*Provided records*
--- START ---

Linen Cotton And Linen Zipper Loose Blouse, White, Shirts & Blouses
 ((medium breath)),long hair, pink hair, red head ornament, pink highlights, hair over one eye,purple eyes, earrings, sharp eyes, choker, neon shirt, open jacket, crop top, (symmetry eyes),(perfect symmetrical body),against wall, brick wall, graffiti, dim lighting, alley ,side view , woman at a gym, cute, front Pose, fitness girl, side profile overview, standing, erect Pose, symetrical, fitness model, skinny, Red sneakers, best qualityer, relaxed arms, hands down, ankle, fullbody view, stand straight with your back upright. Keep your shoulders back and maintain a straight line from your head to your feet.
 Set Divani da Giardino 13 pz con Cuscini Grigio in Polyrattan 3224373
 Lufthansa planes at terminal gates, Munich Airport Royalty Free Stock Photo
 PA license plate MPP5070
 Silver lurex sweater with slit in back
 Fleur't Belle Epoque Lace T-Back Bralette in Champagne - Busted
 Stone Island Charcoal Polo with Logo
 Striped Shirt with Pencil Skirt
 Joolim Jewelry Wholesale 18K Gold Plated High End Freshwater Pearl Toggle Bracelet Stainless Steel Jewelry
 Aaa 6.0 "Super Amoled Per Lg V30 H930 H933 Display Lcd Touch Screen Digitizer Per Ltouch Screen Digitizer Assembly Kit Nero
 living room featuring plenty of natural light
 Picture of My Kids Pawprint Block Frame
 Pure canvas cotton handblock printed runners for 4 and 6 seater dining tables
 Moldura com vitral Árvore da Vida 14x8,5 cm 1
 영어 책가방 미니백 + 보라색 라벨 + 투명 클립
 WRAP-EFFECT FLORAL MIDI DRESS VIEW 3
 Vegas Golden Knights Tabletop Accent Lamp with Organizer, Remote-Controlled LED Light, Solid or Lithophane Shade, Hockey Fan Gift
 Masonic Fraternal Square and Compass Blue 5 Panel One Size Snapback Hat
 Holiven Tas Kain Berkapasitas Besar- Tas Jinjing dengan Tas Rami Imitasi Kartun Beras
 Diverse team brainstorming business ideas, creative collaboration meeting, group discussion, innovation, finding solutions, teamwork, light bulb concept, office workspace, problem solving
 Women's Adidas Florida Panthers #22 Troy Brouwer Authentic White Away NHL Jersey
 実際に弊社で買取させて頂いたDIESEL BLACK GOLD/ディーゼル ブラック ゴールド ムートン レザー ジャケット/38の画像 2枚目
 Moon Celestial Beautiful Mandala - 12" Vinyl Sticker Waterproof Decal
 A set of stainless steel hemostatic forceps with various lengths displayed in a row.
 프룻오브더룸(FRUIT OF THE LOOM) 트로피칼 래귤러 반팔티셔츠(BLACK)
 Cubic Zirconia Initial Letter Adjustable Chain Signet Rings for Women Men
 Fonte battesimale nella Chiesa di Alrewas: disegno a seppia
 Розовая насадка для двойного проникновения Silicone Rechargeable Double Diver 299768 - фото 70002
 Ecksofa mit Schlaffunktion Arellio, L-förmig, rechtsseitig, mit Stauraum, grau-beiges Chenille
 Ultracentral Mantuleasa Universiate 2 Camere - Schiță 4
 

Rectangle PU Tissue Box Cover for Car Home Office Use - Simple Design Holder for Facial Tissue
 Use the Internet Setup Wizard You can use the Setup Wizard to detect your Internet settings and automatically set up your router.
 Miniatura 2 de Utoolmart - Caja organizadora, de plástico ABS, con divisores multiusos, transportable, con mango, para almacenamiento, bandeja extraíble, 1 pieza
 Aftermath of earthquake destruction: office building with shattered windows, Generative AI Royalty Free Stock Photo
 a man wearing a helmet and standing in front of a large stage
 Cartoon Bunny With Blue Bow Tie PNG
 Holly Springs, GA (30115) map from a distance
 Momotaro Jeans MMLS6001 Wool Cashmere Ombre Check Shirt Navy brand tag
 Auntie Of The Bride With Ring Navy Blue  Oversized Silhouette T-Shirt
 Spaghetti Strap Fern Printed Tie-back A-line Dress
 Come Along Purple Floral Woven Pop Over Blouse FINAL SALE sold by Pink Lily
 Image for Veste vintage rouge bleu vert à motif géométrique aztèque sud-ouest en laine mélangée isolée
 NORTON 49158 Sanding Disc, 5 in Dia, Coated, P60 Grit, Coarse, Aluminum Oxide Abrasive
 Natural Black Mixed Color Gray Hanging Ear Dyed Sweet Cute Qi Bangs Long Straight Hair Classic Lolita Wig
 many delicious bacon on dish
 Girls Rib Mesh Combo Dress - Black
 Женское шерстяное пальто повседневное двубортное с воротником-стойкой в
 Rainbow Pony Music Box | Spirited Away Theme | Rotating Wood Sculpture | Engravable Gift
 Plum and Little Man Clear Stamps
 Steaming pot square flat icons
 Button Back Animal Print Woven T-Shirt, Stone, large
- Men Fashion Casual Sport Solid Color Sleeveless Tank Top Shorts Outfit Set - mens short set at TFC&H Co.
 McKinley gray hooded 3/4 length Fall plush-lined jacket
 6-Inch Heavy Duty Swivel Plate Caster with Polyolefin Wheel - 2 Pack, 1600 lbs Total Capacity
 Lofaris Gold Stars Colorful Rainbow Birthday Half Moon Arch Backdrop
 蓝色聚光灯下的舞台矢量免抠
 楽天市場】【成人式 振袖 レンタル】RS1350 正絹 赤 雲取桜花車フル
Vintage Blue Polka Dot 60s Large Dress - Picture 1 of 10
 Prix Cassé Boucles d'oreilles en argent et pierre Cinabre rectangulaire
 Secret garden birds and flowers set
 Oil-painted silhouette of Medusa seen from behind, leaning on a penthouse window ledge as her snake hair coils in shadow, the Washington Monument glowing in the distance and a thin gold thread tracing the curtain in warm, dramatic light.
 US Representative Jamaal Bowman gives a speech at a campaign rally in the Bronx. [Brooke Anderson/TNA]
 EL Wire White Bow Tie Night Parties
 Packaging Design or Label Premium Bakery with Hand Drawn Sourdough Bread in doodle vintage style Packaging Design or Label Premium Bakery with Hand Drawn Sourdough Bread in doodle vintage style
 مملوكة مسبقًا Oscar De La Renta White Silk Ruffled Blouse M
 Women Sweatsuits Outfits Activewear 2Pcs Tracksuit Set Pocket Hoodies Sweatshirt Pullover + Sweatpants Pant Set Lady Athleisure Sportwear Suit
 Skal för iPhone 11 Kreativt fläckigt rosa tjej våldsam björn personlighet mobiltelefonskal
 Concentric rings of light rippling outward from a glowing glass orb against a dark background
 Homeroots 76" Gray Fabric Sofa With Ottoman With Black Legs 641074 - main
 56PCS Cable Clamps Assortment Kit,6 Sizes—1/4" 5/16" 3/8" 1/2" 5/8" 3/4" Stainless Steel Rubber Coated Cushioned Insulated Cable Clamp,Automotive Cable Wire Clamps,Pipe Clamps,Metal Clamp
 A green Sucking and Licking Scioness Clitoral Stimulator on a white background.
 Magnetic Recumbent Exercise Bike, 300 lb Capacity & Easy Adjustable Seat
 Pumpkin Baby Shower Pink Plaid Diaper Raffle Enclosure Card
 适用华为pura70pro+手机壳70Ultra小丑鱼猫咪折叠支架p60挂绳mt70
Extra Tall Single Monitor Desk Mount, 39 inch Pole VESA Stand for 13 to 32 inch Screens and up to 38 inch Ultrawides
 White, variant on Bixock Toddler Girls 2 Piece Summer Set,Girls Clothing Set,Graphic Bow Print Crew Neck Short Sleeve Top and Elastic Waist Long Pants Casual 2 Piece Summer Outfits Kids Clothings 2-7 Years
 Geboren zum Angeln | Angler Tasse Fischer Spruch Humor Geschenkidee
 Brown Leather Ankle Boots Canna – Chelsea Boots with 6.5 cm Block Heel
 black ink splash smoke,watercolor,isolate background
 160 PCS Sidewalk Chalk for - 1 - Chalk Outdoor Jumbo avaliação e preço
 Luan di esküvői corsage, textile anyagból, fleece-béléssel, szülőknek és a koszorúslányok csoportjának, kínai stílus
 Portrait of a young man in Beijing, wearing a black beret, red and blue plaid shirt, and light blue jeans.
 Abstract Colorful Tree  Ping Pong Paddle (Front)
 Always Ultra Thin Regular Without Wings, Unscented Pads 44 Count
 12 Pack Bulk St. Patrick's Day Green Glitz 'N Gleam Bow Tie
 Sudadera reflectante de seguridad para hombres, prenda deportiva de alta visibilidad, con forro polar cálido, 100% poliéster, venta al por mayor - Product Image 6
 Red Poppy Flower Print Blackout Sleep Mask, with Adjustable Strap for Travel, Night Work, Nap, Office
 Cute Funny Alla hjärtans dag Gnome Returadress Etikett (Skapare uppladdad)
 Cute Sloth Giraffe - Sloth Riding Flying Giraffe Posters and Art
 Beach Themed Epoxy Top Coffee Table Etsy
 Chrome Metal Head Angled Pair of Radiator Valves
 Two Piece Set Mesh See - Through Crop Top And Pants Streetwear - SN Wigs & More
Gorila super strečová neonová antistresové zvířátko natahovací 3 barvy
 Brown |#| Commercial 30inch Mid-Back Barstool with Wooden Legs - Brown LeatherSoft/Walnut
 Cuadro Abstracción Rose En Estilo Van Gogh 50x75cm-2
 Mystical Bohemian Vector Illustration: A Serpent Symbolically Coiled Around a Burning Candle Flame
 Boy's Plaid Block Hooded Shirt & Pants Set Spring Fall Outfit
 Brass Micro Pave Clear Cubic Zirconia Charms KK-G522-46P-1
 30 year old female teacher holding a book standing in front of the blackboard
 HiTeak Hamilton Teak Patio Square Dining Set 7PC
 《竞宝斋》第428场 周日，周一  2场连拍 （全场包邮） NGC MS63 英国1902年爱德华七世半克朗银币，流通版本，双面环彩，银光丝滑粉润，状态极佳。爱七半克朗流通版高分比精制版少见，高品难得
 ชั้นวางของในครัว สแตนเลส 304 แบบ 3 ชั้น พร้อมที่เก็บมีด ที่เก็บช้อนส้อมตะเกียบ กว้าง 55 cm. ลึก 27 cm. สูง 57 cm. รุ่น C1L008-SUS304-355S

--- END ---

Repeat exactly the lines above from the one with "Diverse team brainstorming" up to and including the one with "Auntie Of The". No other line belongs in the reply.

 Diverse team brainstorming business ideas, creative collaboration meeting, group discussion, innovation, finding solutions, teamwork, light bulb concept, office workspace, problem solving
 Women's Adidas Florida Panthers #22 Troy Brouwer Authentic White Away NHL Jersey
 実際に弊社で買取させて頂いたDIESEL BLACK GOLD/ディーゼル ブラック ゴールド ムートン レザー ジャケット/38の画像 2枚目
 Moon Celestial Beautiful Mandala - 12" Vinyl Sticker Waterproof Decal
 A set of stainless steel hemostatic forceps with various lengths displayed in a row.
 프룻오브더룸(FRUIT OF THE LOOM) 트로피칼 래귤러 반팔티셔츠(BLACK)
 Cubic Zirconia Initial Letter Adjustable Chain Signet Rings for Women Men
 Fonte battesimale nella Chiesa di Alrewas: disegno a seppia
 Розовая насадка для двойного проникновения Silicone Rechargeable Double Diver 299768 - фото 70002
 Ecksofa mit Schlaffunktion Arellio, L-förmig, rechtsseitig, mit Stauraum, grau-beiges Chenille
 Ultracentral Mantuleasa Universiate 2 Camere - Schiță 4
 

Rectangle PU Tissue Box Cover for Car Home Office Use - Simple Design Holder for Facial Tissue
 Use the Internet Setup Wizard You can use the Setup Wizard to detect your Internet settings and automatically set up your router.
 Miniatura 2 de Utoolmart - Caja organizadora, de plástico ABS, con divisores multiusos, transportable, con mango, para almacenamiento, bandeja extraíble, 1 pieza
 Aftermath of earthquake destruction: office building with shattered windows, Generative AI Royalty Free Stock Photo
 a man wearing a helmet and standing in front of a large stage
 Cartoon Bunny With Blue Bow Tie PNG
 Holly Springs, GA (30115) map from a distance
 Momotaro Jeans MMLS6001 Wool Cashmere Ombre Check Shirt Navy brand tag
 Auntie Of The Bride With Ring Navy Blue  Oversized Silhouette T-Shirt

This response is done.